In the progressive cyberspace, we find McCain ever-so-slightly better off than the week began, on account of the fact that his running mate, Alaska Gov. Sarah Palin, failed to fulfill the dreams of liberals, a dream that would have had her imploding on the podium in a torrent of stammers, a potentiality foreshadowed by her supernova performance in a multi-part interview with CBS News anchor Katie Couric.

In March, McCain changed his mind on waterboarding, voting to sustain President Bush's veto of a bill that would have banned U.S. interrogators from the practice; he seemed to be rewarded this week with a metaphorical version of a more traditional water torture, as steady drip, drip, drip of mortifying Palin responses to Couric's questions leaked daily out of CBS over the course of a week. Palin couldn't name the newspapers she read, the Supreme Court decisions she opposed (excepting Roe), explain why Alaskan proximity to Russia made her a foreign policy expert, or give more than one narrow example of John McCain's support for regulation of the financial sector.

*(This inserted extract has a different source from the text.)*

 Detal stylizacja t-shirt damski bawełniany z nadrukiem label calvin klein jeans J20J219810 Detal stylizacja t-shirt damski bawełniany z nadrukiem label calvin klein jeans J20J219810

Thursday Hnight, facing off with Democratic vice presidential candidate Sen. Joe Biden, Palin lived to fight another day, playing the game by her own rules, declaring to Biden that she "may not answer the questions the way you or the moderator want me to." Indeed, observed many progressive bloggers, she answered the questions she wanted to be asked, whether they were asked of her or not.

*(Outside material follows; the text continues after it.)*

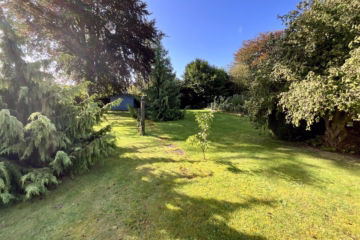 Charmantes Wohnhaus mit großem Grundstück - Garten (46361)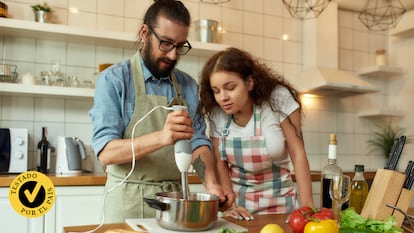 Disponer de una batidora de mano en la cocina resulta muy útil. GETTY IMAGES.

Earlier in the week, the McCain campaign began making noise about the fact that moderator Gwen Ifill, host of PBS's "Washington Week in Review" and an African-American, was the author of a forthcoming book about race and the Obama campaign. The inference by McCain campaign operatives was one of a lurking bias toward the Obama camp, even though McCain himself said he had no problem with Ifill moderating the debate. But, wrote Greg Sargent of TMP Election Central, the merits of the argument are beside the point.

At bottom, though, debating whether there's any merit in the attack on Ifill is beside the point, because as this is really just a transparent game, of course. The criticism is about trying to spook the moderators into going easy on Palin -- a "time-honored form of pre-debate spin," as [the Politico's] Ben Smith put it.

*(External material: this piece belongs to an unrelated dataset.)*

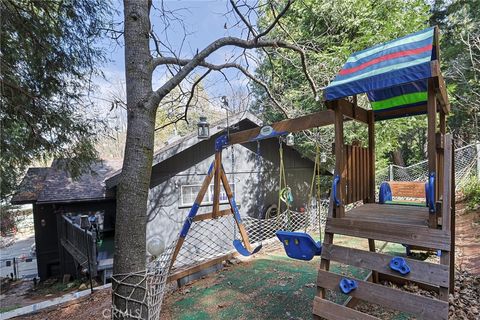 Tiny photo for 23095 Hemlock Ln, Crestline, CA 92325 (MLS # OC26049575)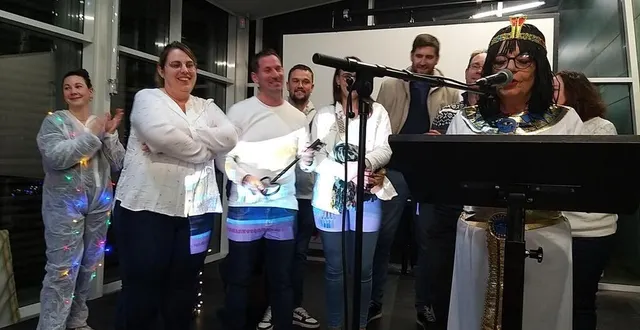 photo  eve sans, maire d’arnage (sarthe), au micro, déguisée en cléopâtre, a rendu les clefs de la ville à la bande victorieuse de l’année dernière : les villainous.  &copy;  ouest-france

And, indeed, some commentators suggested that Ifill tossed softballs at Palin most of the night, and rarely challenged either candidate when they strayed from her questions.

Some feared that the novelty of Palin's gender posed perils for Joe Biden and commentators alike.

Before the debate began, famed feminist Robin Morgan, writing at the Women's Media Center site, offered this helpful guide to those covering Palin:

Do investigate Palin's opposition to listing polar bears and other animals as endangered. Do not call her one: no chick, bird, kitten, bitch, hen, cow. Also no produce: tomato, peach, etc.

Morgan also reports that, like Palin, both of John McCain's wives were beauty queens.

In truth, Palinpalooza proved to be a mere sideshow to what appears to be chaos and confusion in the McCain camp. Last week saw McCain claiming to suspend his campaign to return to Washington to broker a deal on a financial bailout bill for which a deal appeared to have been reached before McCain showed up. Once he was on the ground the deal fell apart when a majority of House Republicans balked at what was on the table.

At first, wrote Ben Craw on Sept. 30 at Talking Points Memo, McCain pointed the finger at his opponent, then said he didn't:

To review: yesterday John McCain said in consecutive sentences, "Senator Obama and his allies in Congress infused unnecessary partisanship into the process. Now is not the time to fix the blame"...

In a new interview with ABC News's Ron Claiborne however, McCain says he never blamed nobody...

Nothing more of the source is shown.